May 22, 2009 • written by Abby Hammes  
Filed under Senior Edition

        As the days grow longer and the temperatures warmer, the countdown until graduation has begun. Previous to now, I’ve shoved the thought of graduation far back in my mind. I never tried on my cap or gown, but stored them out of sight in a spare closet; I have not come to terms with the fact that a majority of my best friends are going out of town for college next year, seemingly leaving me behind; and I have almost avoided senioritis (yeah right).

        However, I now realize that the day is coming. Graduation is real, and what we face after it is looming in the distance. I always thought I would look forward to graduation with apprehension and relief, but what I’m feeling now is a mix of emotions I don’t even know if I can begin to sort out.

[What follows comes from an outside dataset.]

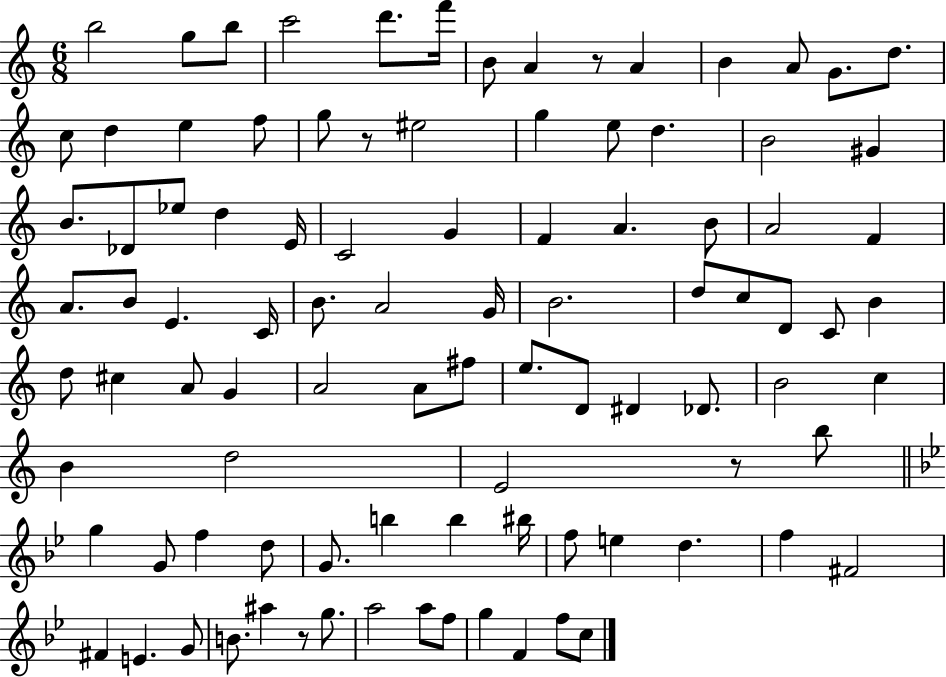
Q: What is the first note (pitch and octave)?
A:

        In retrospect, high school has been a gargantuan swirl of stress, little sleep, lots of studying, and struggling to stay sane. With this have come great friends, insane inside jokes, spontaneous outings, and genuinely good times. I honestly can’t say what I’m going to remember when I look back on high school in thirty years. I hope I remember the good times.

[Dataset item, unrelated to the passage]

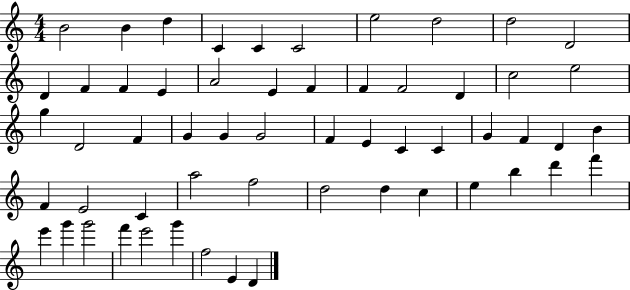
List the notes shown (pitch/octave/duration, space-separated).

B4/h B4/q D5/q C4/q C4/q C4/h E5/h D5/h D5/h D4/h D4/q F4/q F4/q E4/q A4/h E4/q F4/q F4/q F4/h D4/q C5/h E5/h G5/q D4/h F4/q G4/q G4/q G4/h F4/q E4/q C4/q C4/q G4/q F4/q D4/q B4/q F4/q E4/h C4/q A5/h F5/h D5/h D5/q C5/q E5/q B5/q D6/q F6/q E6/q G6/q G6/h F6/q E6/h G6/q F5/h E4/q D4/q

        A lot of us are saying that we can’t wait to get out of here, and I’m right there with you. I’m sick of the droning day-to-day monotony of high school life. I’m sick of the little drama and pettiness I have to deal with. I’m sick of the constant stress and pressure.

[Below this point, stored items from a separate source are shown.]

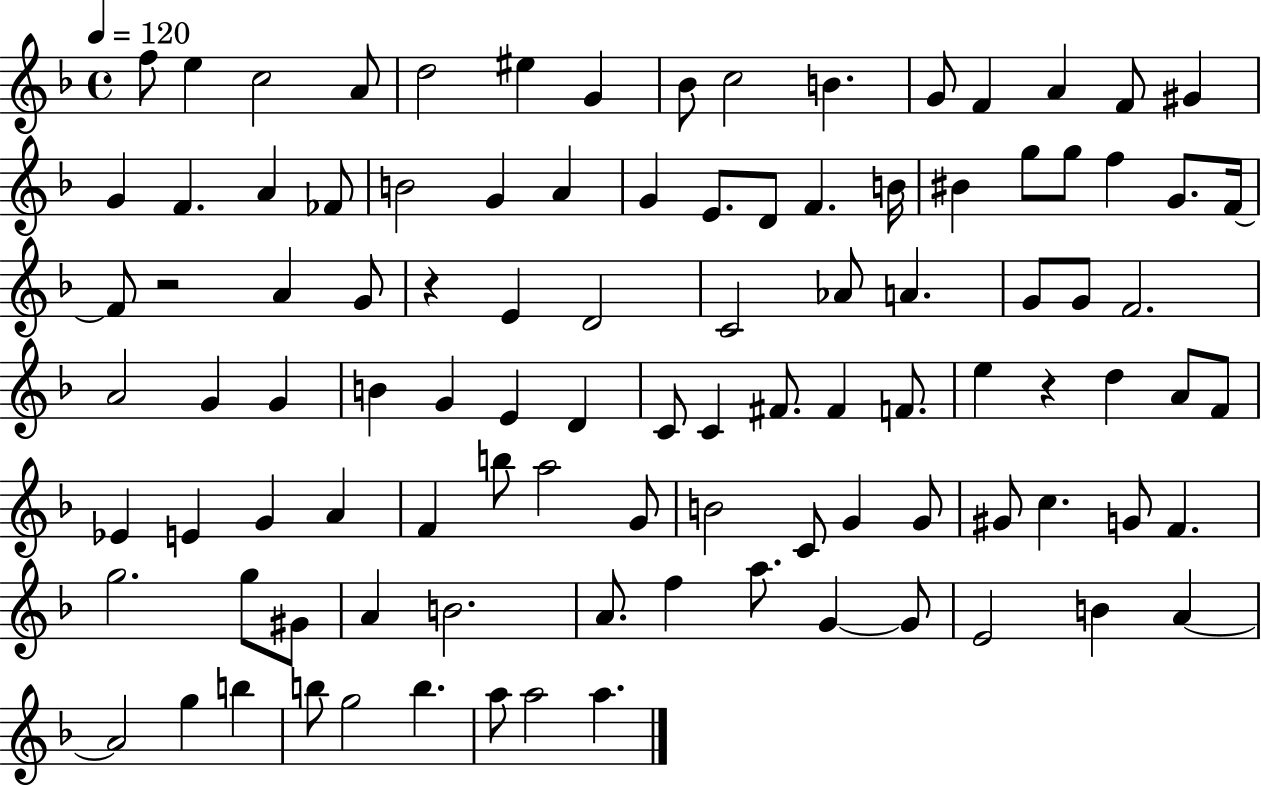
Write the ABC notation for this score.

X:1
T:Untitled
M:4/4
L:1/4
K:F
f/2 e c2 A/2 d2 ^e G _B/2 c2 B G/2 F A F/2 ^G G F A _F/2 B2 G A G E/2 D/2 F B/4 ^B g/2 g/2 f G/2 F/4 F/2 z2 A G/2 z E D2 C2 _A/2 A G/2 G/2 F2 A2 G G B G E D C/2 C ^F/2 ^F F/2 e z d A/2 F/2 _E E G A F b/2 a2 G/2 B2 C/2 G G/2 ^G/2 c G/2 F g2 g/2 ^G/2 A B2 A/2 f a/2 G G/2 E2 B A A2 g b b/2 g2 b a/2 a2 a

        The problem is, once I think about it, graduating isn’t going to save me. It’s a big world out there, and I’m still not sure where I’m headed. Even though I’ve decided on attending North Dakota State University in the fall, a comfortable college close to home, where a large number of our seniors will be attending, I don’t know where to go from there.

        I always thought I would have it all figured out. I’d get good grades throughout high school, be super involved, get into a really great college, and work my tail off to get a degree to form a spectacular career so I could live happily ever after. But reality is crashing down on me. The fact of the matter is, I didn’t get a chance to apply to a really great college. I think NDSU is a great school, but I’m not necessarily excited to go there. This is without mentioning that once I go there, I’m going to have to face the daunting question of what I want to do with the rest of my life. Honestly, I don’t know if I’m ready for the rest of my life.

        I don’t know what the future will bring. I could absolutely love NDSU. I could miraculously find my calling tomorrow. I could sufficiently be able to keep in touch with my current friends all while making new ones. I’m not sure. What I do know is that with so many eyes on graduation day, I can’t forget to live in today. Right now, I only need to make the best of what I have. All I can do is roll with the punches, come what may.